KÜLTÜR SANAT - 13 Ekim 2025 Pazartesi 10:58

Litvanyalı turistler tarihi köye hayran kaldı

A
A
A
Litvanyalı turistler tarihi köye hayran kaldı

Antalya’nın Akseki ilçesine bağlı tarihi Sarıhacılar köyü, İpek Yolu üzerinde düzenlenen kültür ve doğa yürüyüşleriyle yabancı turistlerin ilgisini çekmeye devam ediyor.

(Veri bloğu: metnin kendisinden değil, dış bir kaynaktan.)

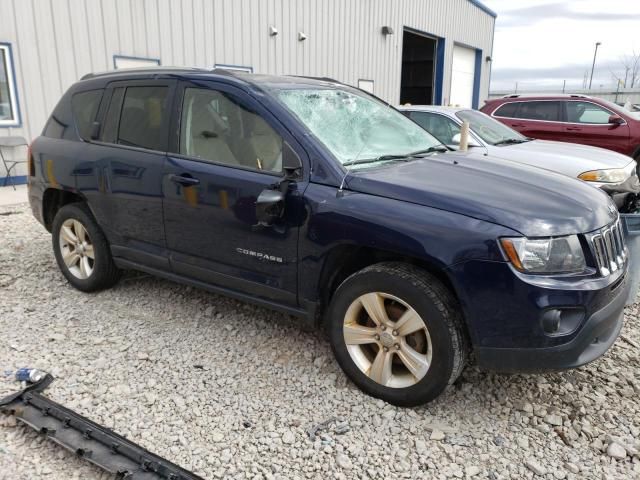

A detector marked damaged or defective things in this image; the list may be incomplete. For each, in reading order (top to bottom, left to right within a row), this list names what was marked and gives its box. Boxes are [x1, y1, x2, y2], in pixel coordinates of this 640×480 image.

shattered windshield [276, 87, 440, 167]
shattered windshield [458, 109, 528, 145]
detached car part [0, 376, 202, 480]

Antalya’nın Akseki ilçesine bağlı tarihi Sarıhacılar köyü, Litvanya’dan gelen turist kafilelerinin yeni gözdesi oldu. Turizm firmaları tarafından düzenlenen kültür turları kapsamında köyü ziyaret eden Litvanyalı turistler, tarihi camiyi, düğmeli evleri ve İpek Yolu güzergâhını gezerek geçmişle iç içe bir gün geçirdi.


Köyün taş ve ahşaptan yapılmış düğmeli evleri ile yüzlerce yıllık geçmişe sahip camisini hayranlıkla gezen Litvanyalı turistler, rehberlerden köyün tarihi ve mimari özellikleri hakkında bilgi aldı. Ziyaretçiler, özellikle Osmanlı döneminden günümüze ulaşan evlerin dokusunu korumasına ve İpek Yolu üzerindeki eski ticaret kültürüne büyük ilgi gösterdi.

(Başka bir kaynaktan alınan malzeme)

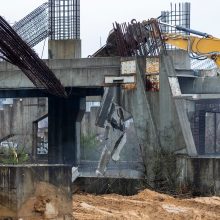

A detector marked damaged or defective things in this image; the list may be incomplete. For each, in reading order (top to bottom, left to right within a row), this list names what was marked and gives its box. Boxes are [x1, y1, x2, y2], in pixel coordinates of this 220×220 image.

bent rebar bundle [0, 15, 66, 96]
rusty steel bar [0, 15, 66, 96]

Sarıhacılar halkı ise Litvanyalı misafirlere yöresel ürünlerden oluşan köy kahvaltısı ikram ederek sürpriz yaptı. Gözleme, pekmez, reçel, keçi peyniri ve doğal baldan oluşan kahvaltı, turistlerden tam not aldı. Turistlerin her birine yörenin ada çayı hediye edildi.


Köyü gezen Litvanyalı turistler, Sarıhacılar’ın doğal güzelliği ve misafirperverliğinden etkilendiklerini belirterek, "Kendimizi geçmişin içinde bir film sahnesinde gibi hissettik" dedi.

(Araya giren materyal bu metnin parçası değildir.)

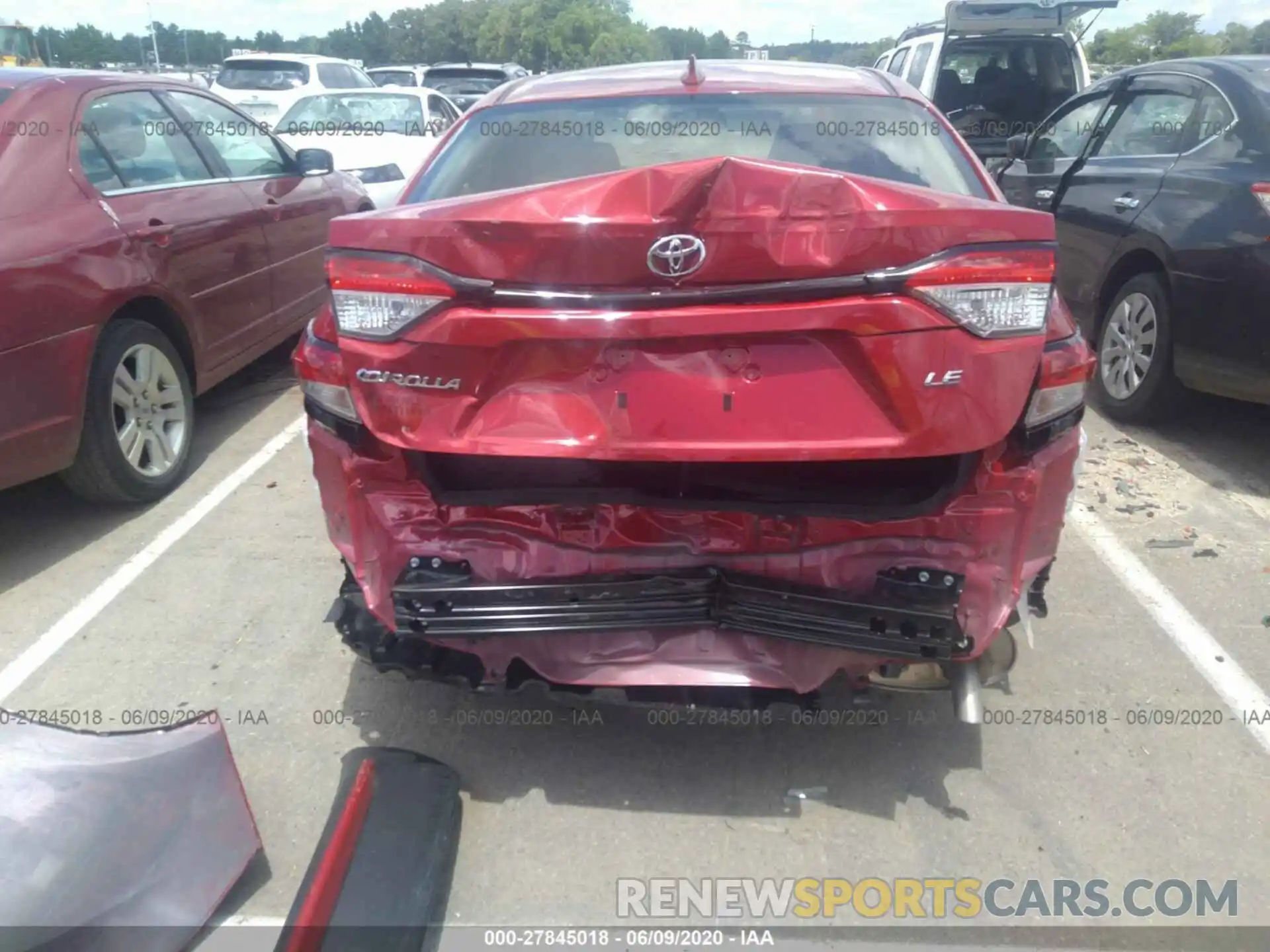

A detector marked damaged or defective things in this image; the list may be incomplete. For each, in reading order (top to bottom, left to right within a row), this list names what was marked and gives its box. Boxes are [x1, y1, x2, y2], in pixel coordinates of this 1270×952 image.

broken tail light [325, 251, 455, 341]
broken tail light [910, 249, 1058, 338]
severe rear damage [292, 106, 1095, 719]
crushed bumper [310, 418, 1080, 693]
detached bumper piece [392, 561, 968, 658]
exposed bumper reinforcement [392, 561, 968, 658]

Lüftanyalı turistlerden oluşan 50 kişilik bir grup, kültür ve doğa turu kapsamında Sarıhacılar’a gelerek hem tarihi hem de doğal güzellikleri yerinde görme fırsatı buldu. Osmanlı döneminden kalma cami ile geleneksel köy evlerini ziyaret eden turistler, ardından tarihi İpek Yolu’nun bir bölümünde yürüyüş yaptı.


Tur rehberi ve firma sahibi Mustafa Erkut, 9 yıldır bölgeye turist getirdiğini belirterek, "Bu yıl 10. yılımız olacak. Her geçen yıl artan bir grafik görüyoruz. Geçen sene Türkiye genelinde 30 bin Litvanyalı turisti ağırladık. Özellikle köy, kültür ve doğa turizmine büyük ilgi gösteriyorlar" dedi.



"Köy halkı bizi kahvaltı ile karşıladı"


Erkut, Sarıhacılar halkının misafirperverliğini anlatarak, "Bugün sağ olsun köy halkı bizleri çok güzel bir kahvaltıyla karşıladı. Yöresel incir reçellerinden, pişilerden, yufkalardan yedik. İnanılmaz samimi bir ortam vardı. Hatta bir turistimiz, ‘Böyle bir ortamı parayla hiçbir yerde bulamam,’ dedi. Bu sözleri duymak insanın bu işe olan sevgisini artırıyor" ifadelerini kullandı.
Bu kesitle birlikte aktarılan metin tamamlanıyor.